Yep, it's not only possible, it's very easy to do. Especially on these, as the adjustment is quite large on the knob.

When I dialled in, I started by running the motor and carefully adjusting till the very first hint of burr on burr. Then very very quickly dialling it back a notch. From here it's generally easier to adjust for espresso which is usually in the last part of the burrs useful range.


----------



## reneb

Yes, I'd follow shrinks advice. Adjust the burrs with no beans very slowly finer until you just hear the 'chirrup' of the burrs touching, then immediately back off a fraction - you now have a zero point as it were and apparently this won't damage the burrs as there is an outer run off section that touches first. Now wind out about 1.5 numbers coarser and use that as your starting point, adjusting accordingly after each test shot.


----------



## haz_pro

Hey all,

Followed advice above but it didn't go too well.

I thought I heard the burrs touching but when I ran some beans through it the grounds were very course. I know it can grind finer as I done it in the past couple of days making much finer grounds.

Will try again soon...

On another note, I went to strip it down today but couldn't get the bolt off which holds the bottom burr assembly on.

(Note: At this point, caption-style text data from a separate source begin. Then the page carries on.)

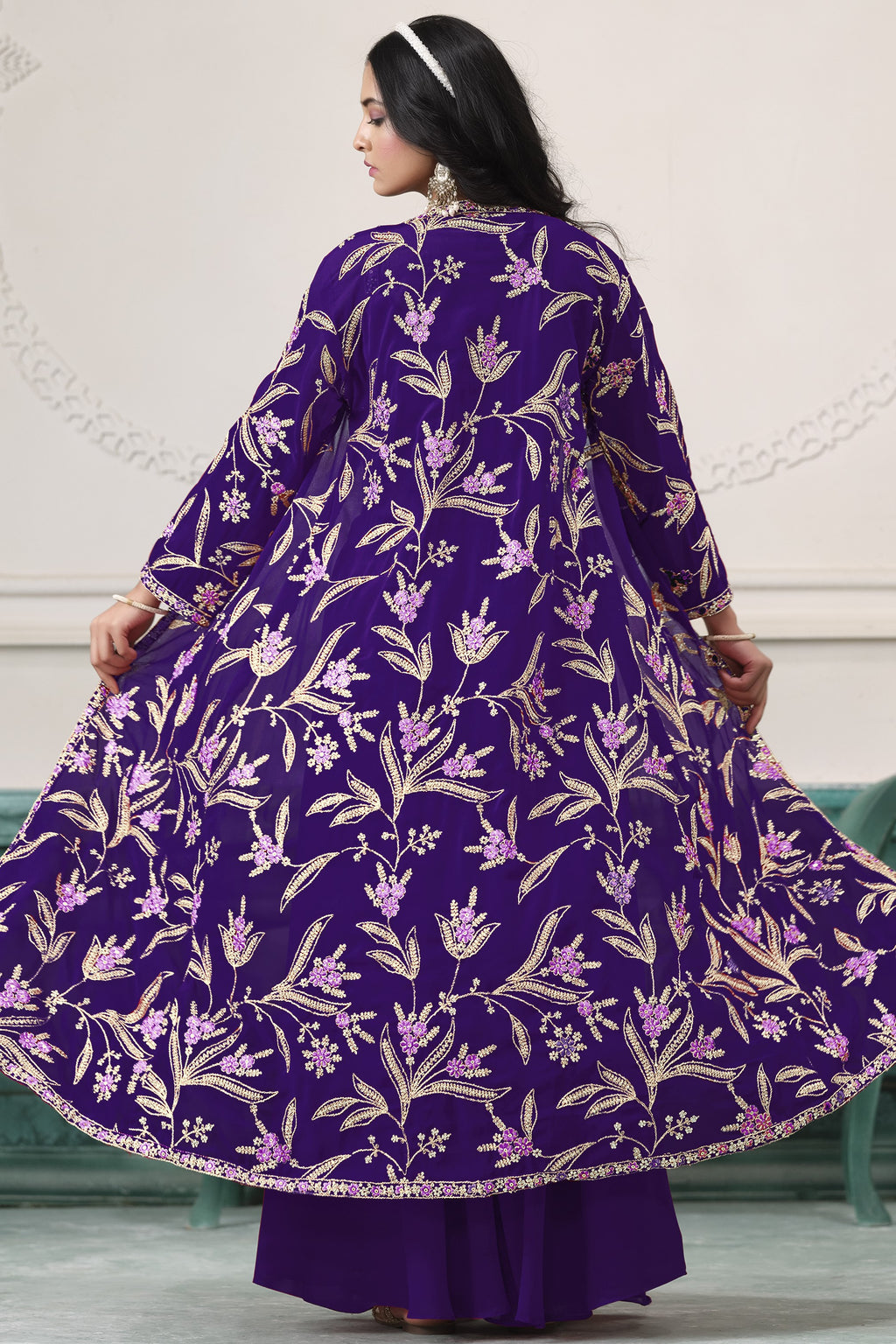 Purple Georgette Palazzo with Choli & Jacket For Wedding & Indian Festival - Embroidery Work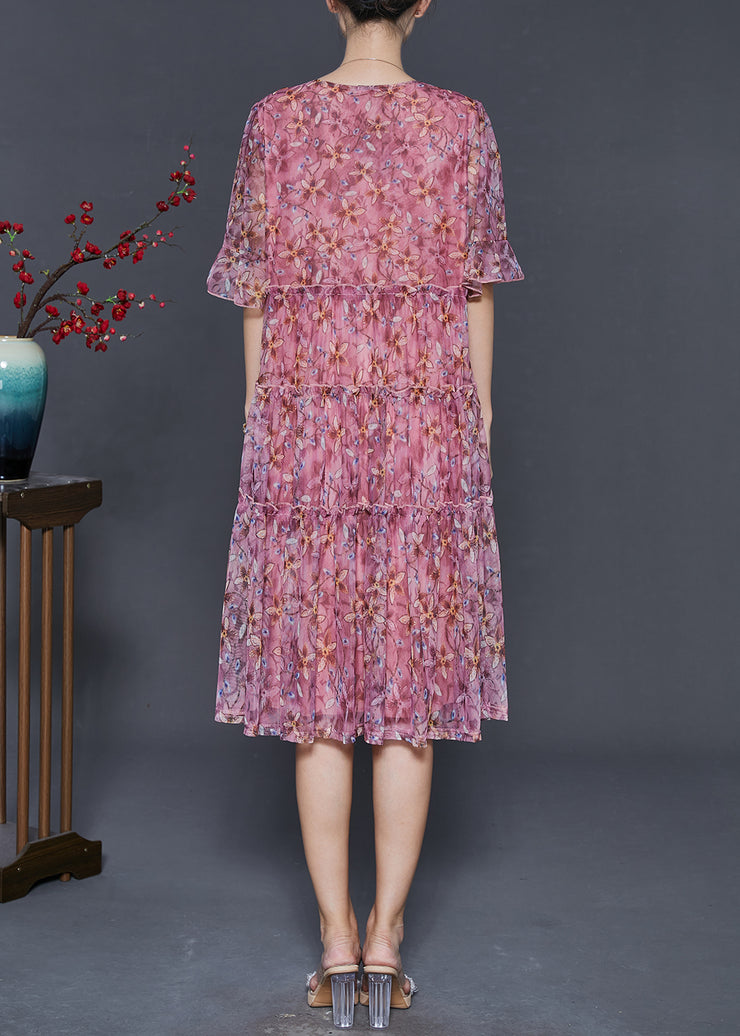 Pink Print Chiffon Mid Dress Chinese Button Summer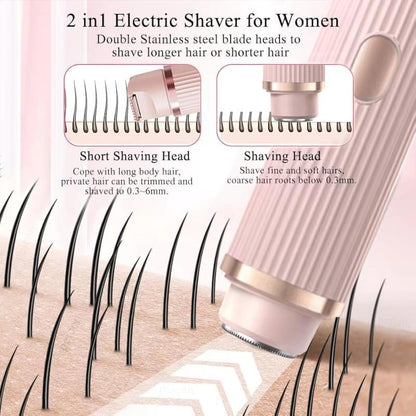 2 in 1 Dual Head Shaver Women Electric Bikini Trimmer Wet&Dry Use Hair Removal ARDS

Not sure what I am going to do yet, except for get a huge extension to use.


----------



## shrink

Here's another idea... Take out the hopper... Unplug the grinder, and turn the burrs by hand using the spindle.

Then keep adjusting fine until you can't turn by hand any more. That will be the touching point.

Often on these grinders, little bits of coffee get stuck on top of the sweepers inside the chamber, and its those that you're hearing when you adjust it with the motor on. I came across the same problem on my MDX which used the same adjustment system, when I thought the burrs were touching, it was miles away,

So I took out the hopper and turned it by hand, and adjusted until it was impossible to turn by hand. And called that my zero point, also less chance of damaging the burrs.


----------



## haz_pro

Brilliant idea, thank you buddy.









EDIT: Okay, so I just done what you said and it works great. I did notice that when loosening the burrs it got to a point where the burrs only touched once per a rotation. Is this caused by damage to the burrs or something else?

I loosened the burrs slightly more and all is well.


----------



## coffeechap

it might just be that one of the screws holding the burrs in place id slightly looser than the others, remove the burrs then clean out all the coffee on them and the chamber (unless you have already done this) now refit the burrs ensuring that all te screws are the same tightness.


----------



## haz_pro

Considering how tight all of the other fixings are I would be surprise. I will give that a go though when I get the burrs off. I need to get more leverage for the 11mm clockwise nut.


----------



## coffeechap

You are definitely turning the centre nut clockwise i.e. not the way you would think to turn it?


----------



## haz_pro

100%, I remember reading it in your write up and it really stuck out to me. I am going to use my socket set next time with a bigger extension. Probably try on Monday which should be when my classic comes too, woo.


----------



## Roopster

I couldn't get the bottom burr assembly out either. I undid the three screws holding the burr to this though and got the bottom burr out on its own to clean up as much as I could.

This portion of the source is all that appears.